A panel at the 2014 Produced By Conference recently addressed this issue, as Producer Marshall Herskovitz (Blood Diamond) spoke with Peter Micelli, (pictured left) a leading TV agent at Creative Artists Agency (CAA), about the challenges in today’s television industry. Herskovitz specifically asked how up-and-coming producers can find their way in an “incredibly complicated” landscape. “When I have someone come to me and say they have this outlandish or big idea, I just tell them to write it,” Micelli said. “Because I think today there is so much competition and people have so many wild and interesting ideas, and in a weird way it’s actually gotten harder to get people to commit to buying those ideas.”
There is one weapon that will aid producers in their fight for recognition. Micelli stressed that the best thing a new producer can do is have control over some kind of intellectual property or some kind of creative control. “You do that by hiring the best writers you can find while managing the basic story arc,” he explained. “I think writers still matter a ton. There are a lot of great producers out there but if you don't have a great writer, once you get that 13-episode order, it’s over. That’s why TV writers have been so important to the business. It’s not just about one script, it’s about who is going to give me 13 scripts under the schedule in which we need, and they’re going to all be of quality and written within a budget that’s doable.”

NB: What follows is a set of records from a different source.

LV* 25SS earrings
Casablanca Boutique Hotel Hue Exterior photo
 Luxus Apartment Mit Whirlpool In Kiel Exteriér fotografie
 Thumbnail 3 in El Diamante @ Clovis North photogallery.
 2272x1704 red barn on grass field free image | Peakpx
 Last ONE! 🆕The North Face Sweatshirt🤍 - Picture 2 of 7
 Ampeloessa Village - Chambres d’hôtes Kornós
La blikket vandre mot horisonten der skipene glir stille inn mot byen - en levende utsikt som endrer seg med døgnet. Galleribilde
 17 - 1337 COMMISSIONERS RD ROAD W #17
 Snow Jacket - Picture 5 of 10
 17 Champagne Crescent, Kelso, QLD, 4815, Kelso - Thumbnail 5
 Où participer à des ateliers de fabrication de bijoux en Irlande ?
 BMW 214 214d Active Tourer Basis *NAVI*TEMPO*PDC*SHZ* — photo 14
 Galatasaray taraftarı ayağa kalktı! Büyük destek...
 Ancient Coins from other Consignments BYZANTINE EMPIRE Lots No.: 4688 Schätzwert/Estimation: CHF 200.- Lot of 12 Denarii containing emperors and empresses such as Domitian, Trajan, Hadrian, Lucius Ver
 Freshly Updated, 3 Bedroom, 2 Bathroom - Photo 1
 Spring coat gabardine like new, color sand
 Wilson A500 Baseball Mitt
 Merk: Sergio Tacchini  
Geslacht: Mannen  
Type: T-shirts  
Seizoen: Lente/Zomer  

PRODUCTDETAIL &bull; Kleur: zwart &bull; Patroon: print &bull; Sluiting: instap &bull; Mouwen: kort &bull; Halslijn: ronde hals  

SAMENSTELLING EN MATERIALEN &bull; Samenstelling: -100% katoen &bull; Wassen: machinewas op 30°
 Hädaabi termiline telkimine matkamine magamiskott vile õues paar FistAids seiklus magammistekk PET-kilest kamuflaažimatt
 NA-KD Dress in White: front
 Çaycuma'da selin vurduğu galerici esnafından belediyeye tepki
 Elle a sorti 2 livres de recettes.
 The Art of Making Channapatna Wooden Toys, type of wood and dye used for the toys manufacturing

Despite the industry changes, Micelli says that writers in television still have a lot of power. As a producer you have to remember you are competing with the best in the industry, like J.J. Abrams and Jerry Bruckheimer.“You have to think, ‘What am I not bringing to the table that will prevent a high-end writer from going to one of those tried-and-true [producers] instead of coming to me?’ It’s almost the same philosophy as an independent studio,” the agent noted. “‘What more can we offer that’s going to get the talent to come play on our field?’ Intellectual property is really the greatest equalizer. So much of great television is the team that’s going to execute it. If I was a producer sitting in the audience, that’s something I could be doing and focusing on. I would be trying to figure out what kind of intellectual property I could take control of that would make the game come to me.”